Summaries of bsbm10m dataset

Below we show the Weak, Strong, Typed Weak and Typed Strong summaries of a 10 million triples BSBM benchmark graph (not saturated). BSBM models data about products which are for sale from different vendors; products are characterized by product features, and they have reviews, written by reviewers. In the BSBM benchmark scenario, products, reviews (and with them, the reviewers) are published by (originate from) different rating sites; publisher information remains attached to these resources, to state where they come from.

How to read a visualization?

The Weak summary collapses all nodes into one. Many nodes are considered equivalent because they have the outgoing property publisher, which, in turn, makes other (quite unrelated) properties equivalent (part of the same source clique).

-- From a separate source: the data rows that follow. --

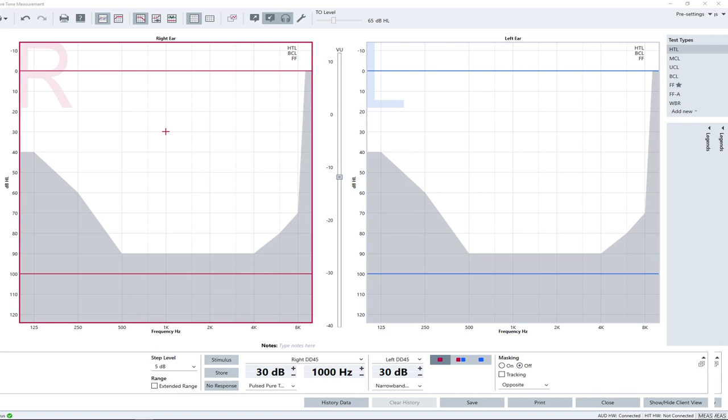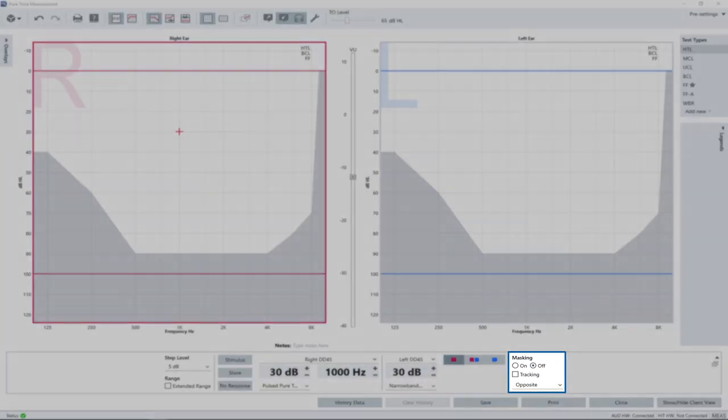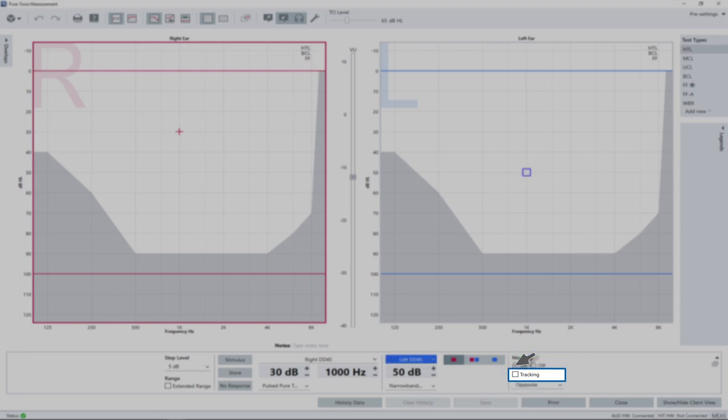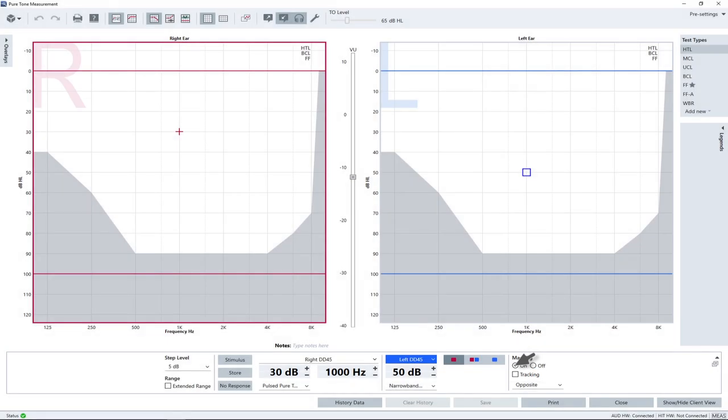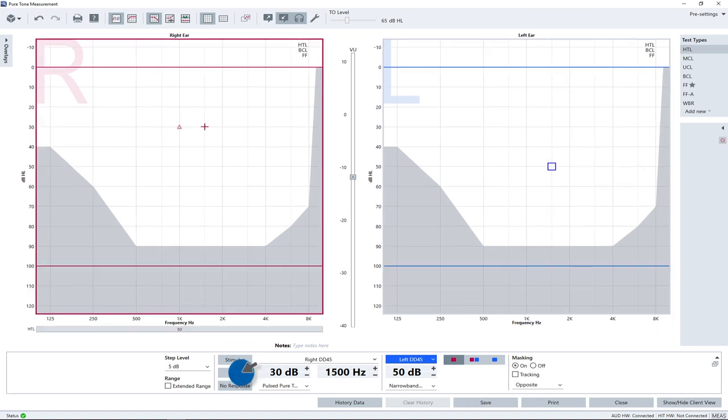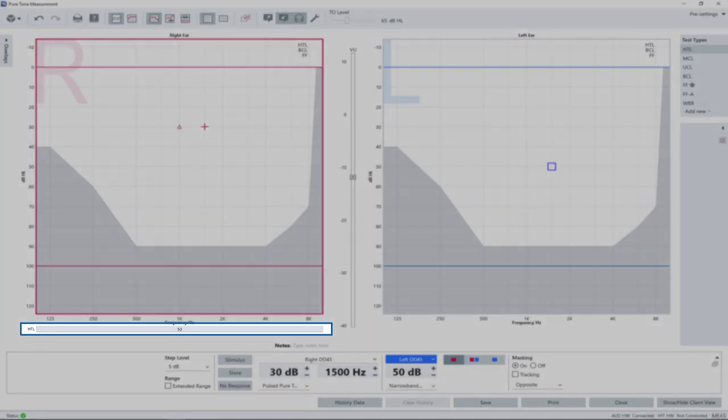If masking of the opposite ear is necessary, activate masking from the control panel. Set the masking level in the control panel. Optionally, activate the level tracking checkbox to maintain the signal and the masking level ratio unchanged during signal level adjustments. After storing of the threshold, the masking level is displayed below the audiogram.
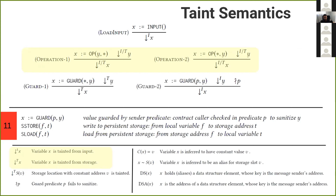The next two rules show why this distinction is important. Guard one says that if y is tainted from storage, then it can flow untrammeled through the guard into x. On the right-hand side, if the guarding predicate fails to sanitize — most likely because the tainted piece of information flows to that guard predicate — then any kind of taint can also flow untrammeled through that guard.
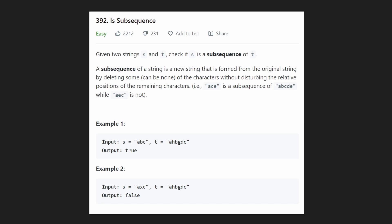Hey everyone, welcome back and let's write some more neat code today. So today let's solve the problem 'Is Subsequence.' Subsequences come up a lot, especially in dynamic programming problems, so this is a good question to get familiar with before you solve some of those harder dynamic programming problems.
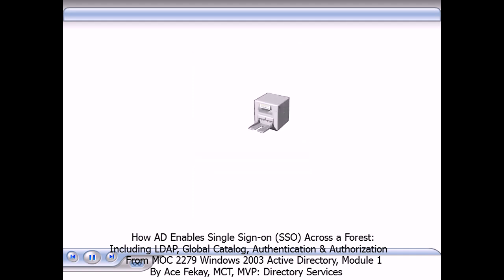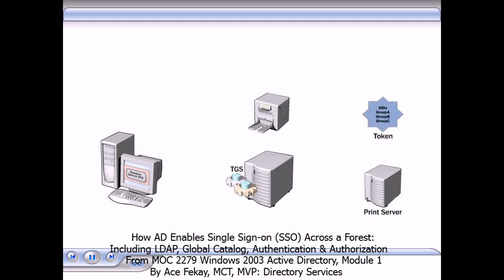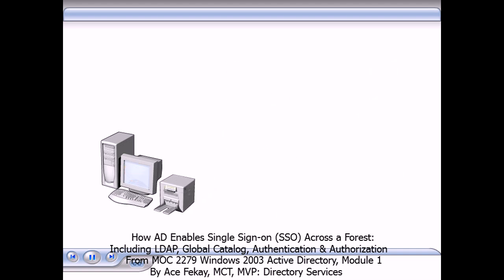Printers reside on print servers. When a user adds a printer, the client uses the TGT to obtain a session ticket to that print server. The LSA on the server issues an access token for the printer. The SIDs in the token ensure that the user is a member of a group in the printer's DACL. If there is a match, the user is authorized to add the printer, and his computer then downloads the printer driver so that it is available for use.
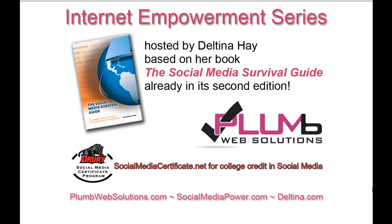Welcome to the Internet Empowerment series of video tutorials, hosted by author Deltina Hay and sponsored by Plum Web Solutions and Drury University's Social Media Certificate Program. These tutorials are based on my book, The Social Media Survival Guide, already in its second edition. Visit my blog at socialmediapower.com for more tips, and learn more at Deltina.com. Neither Deltina Hay nor her sponsors are affiliated with any of the services or tools highlighted in this series.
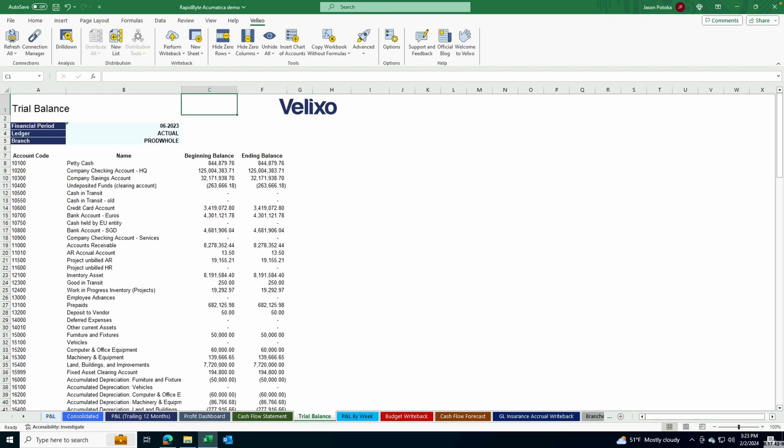When you create functions with Veluxo to view your data, you may find it necessary to use arguments that include wildcards or ranges. Let's take a look at how using a range can help you find the data you're looking for.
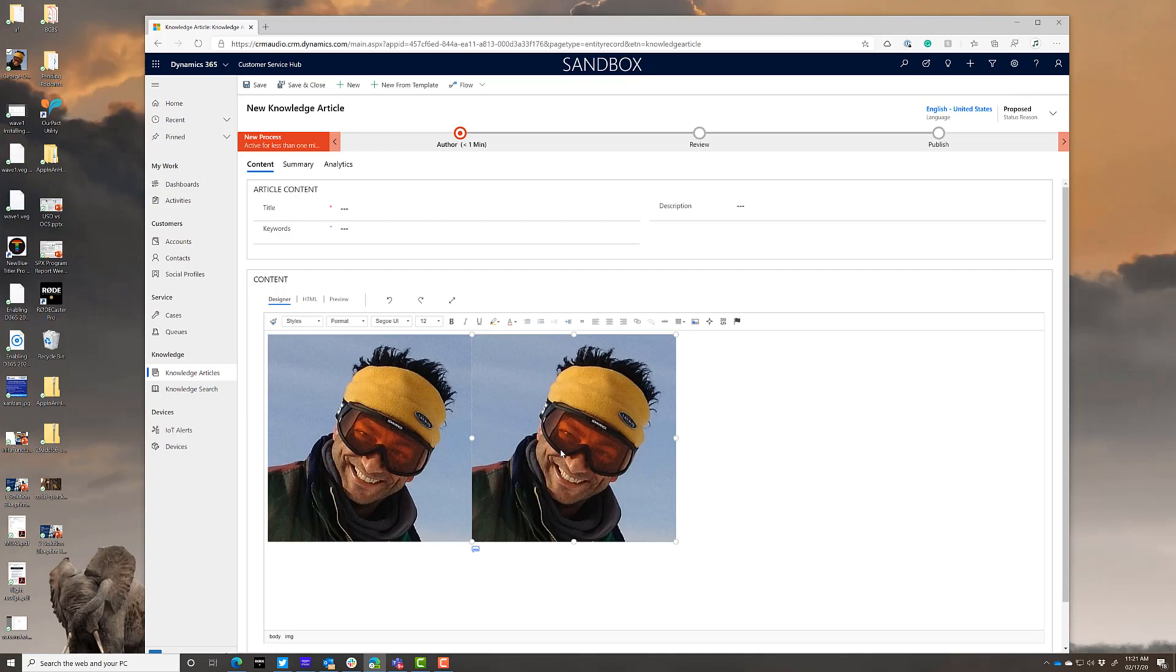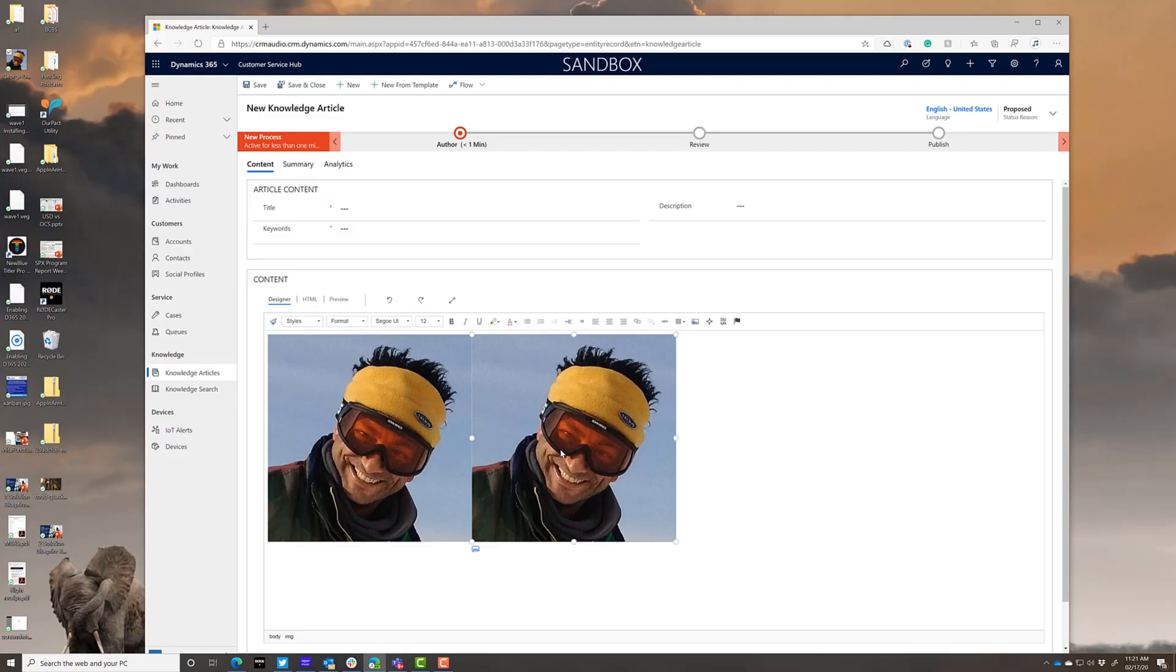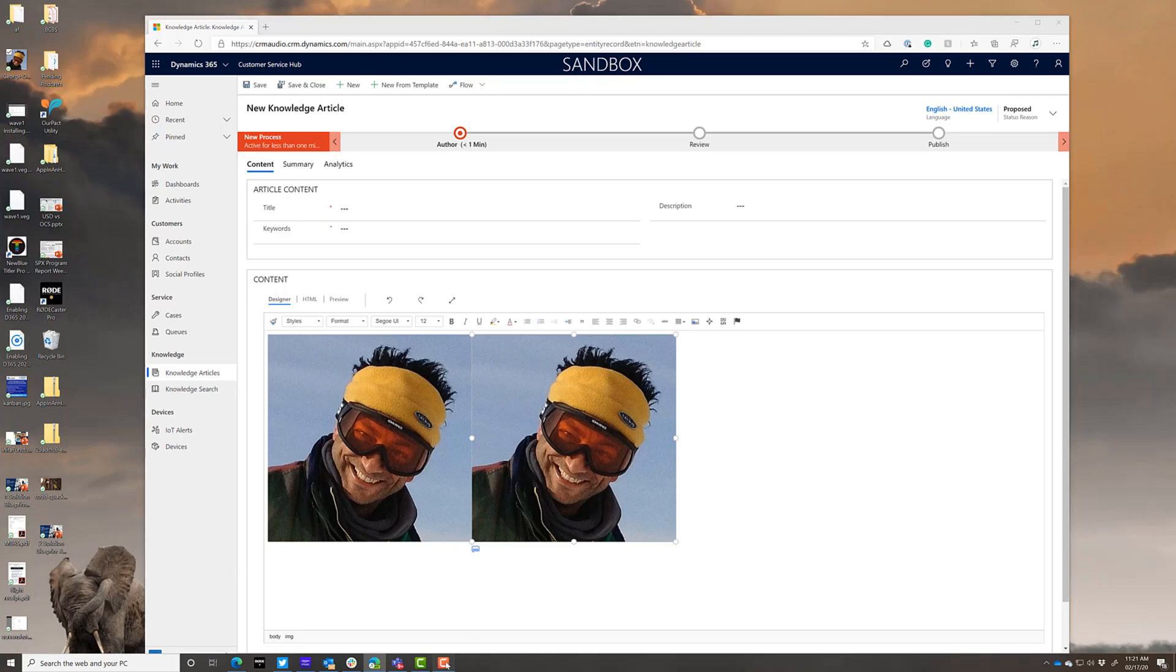While you can still have the images externally linked, you can also now just directly drag and drop them, and it will store those images in the common data service for you. So now you can go update all your old knowledge articles and take down your external image sharing if you just want to have the images stored directly in the knowledge articles.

The Strong summary achieves a much more readable separation. The central node and the upper node mostly represent products. The upper node also represents Offers and Reviews; the central node only represents Products. Strong summarization sets them apart because Offers and Reviews (upper node) refer to products (lower node). Thus, BSBM graph nodes represented by these two nodes are separated into the sources (top) and targets (center) of the edges labeled “product” (connecting Offers to the Product) and “reviewFor” (connecting Reviews to the Products they are about).
The small node at the left represents the people who wrote product reviews; the node at the bottom groups vendors and producers, which are those that produced and published product information; the node at the bottom right represents all the product features.

Our TypedWeak, TypedStrong summaries can only be meaningful thanks to our technique of finding the most general types. Summarizing by giving priority to types, without generalizing them, leads to huge numbers of nodes and edges; the summary cannot be rendered nor is it comprehensible for humans.

Summaries based on bisimulation had even more nodes and edges; they cannot be meaningfully rendered in the same way.